Like it or not, looks like the oil price is heading towards $60 per barrel, driven on by OPEC with more than tacit support from Russia. If soundbites received at the conclusion of the International Energy Forum in Algiers on 28 September are to be believed, the cartel is on course to cut production to a range of 32.5 to 33 million barrels per day (bpd) led by Saudis, in a move likely to be supported by the Russians with some action of their own.
Since both the Russians and Saudis have started talking about “prices”rather than production levels, the coming together of Moscow and Riyadh – who between them are pumping over 20 million bpd – along with the rest of OPEC for some good old fashioned market tinkering appears inevitable.
Of course, the so-called lowering of OPEC production – details of which we are unlikely to receive before the conclusion of the cartel’s next summit on 30 November – will most likely exclude Libya, Nigeria and Iran for multitude of reasons ranging from an improvement in security situation in Nigeria and Libya to Iran’s unwillingness to cap its production until it reaches its pre-sanctions level of 4 million bpd.
Nonetheless, the market senses it will happen because OPEC’s policy of keeping the taps open, in place since June 2014 when the Saudis insisted on it, has failed to land a fatal blow on US shale players. Bjarne Schieldrop, Chief Commodities Analyst at Nordic bank SEB says, “With several market references to ‘$60 is what US shale oil needs’, it seems OPEC is now naturally aiming for this. Not only has OPEC’s verbal intervention so far lifted crude oil prices higher; by indicating that it is willing to freeze or cut and stabilize the oil market, it has also re-implemented the ‘OPEC put’, taking care of the downside risk.

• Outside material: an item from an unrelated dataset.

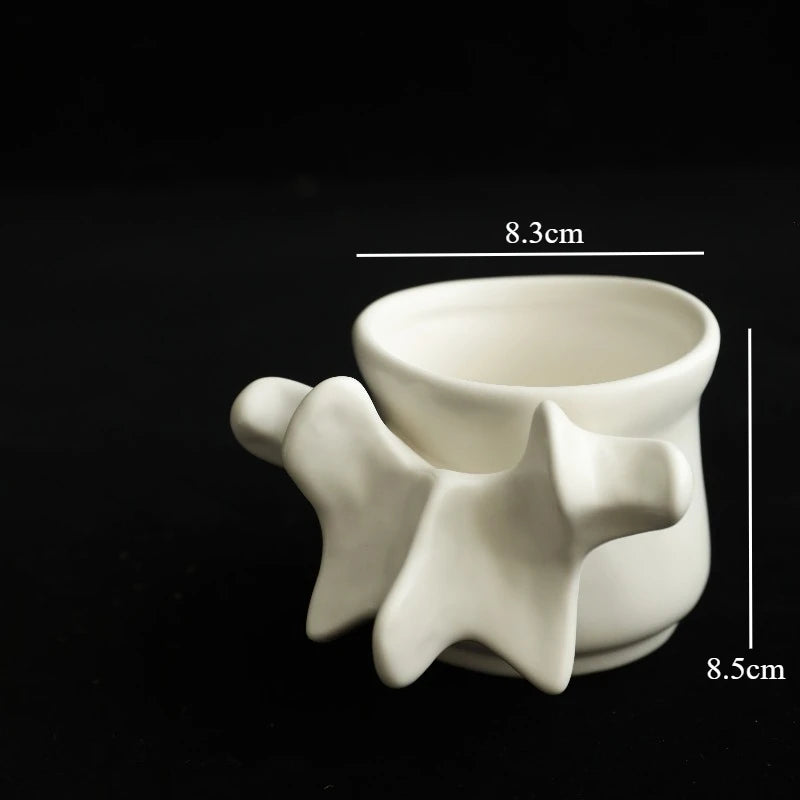 A white ceramic vase shaped like a vertebra, photographed against a black background.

“With all the pre-negotiations now going on and all the different supportive statements from both Saudi Arabia as well as Russia, it now looks like a fair chance that there will actually be an agreement in Vienna on 30 November.”
However, with the downside risk being taken care of, among those smiling the most are the very shale players stateside that OPEC attempted to knock out of the game. Agreed the oil price, using Brent as a benchmark, is still significantly below $60. However, US shale oil players and Canadian upstarts can lock in new, planned production on the forward curve. This is already reflected in the gradually rising North American rig counts.
Expect more, with perceived reduction in the downside risk as the implementation date of the ‘OPEC put’ draws nearer. From a low of just north of 300 US rigs in May, by the time OPEC’s next summit convenes, we could well be above 500 rigs based on the anecdotal evidence I have from selected law firms in Chicago and Houston, central to the paperwork for drilling permits.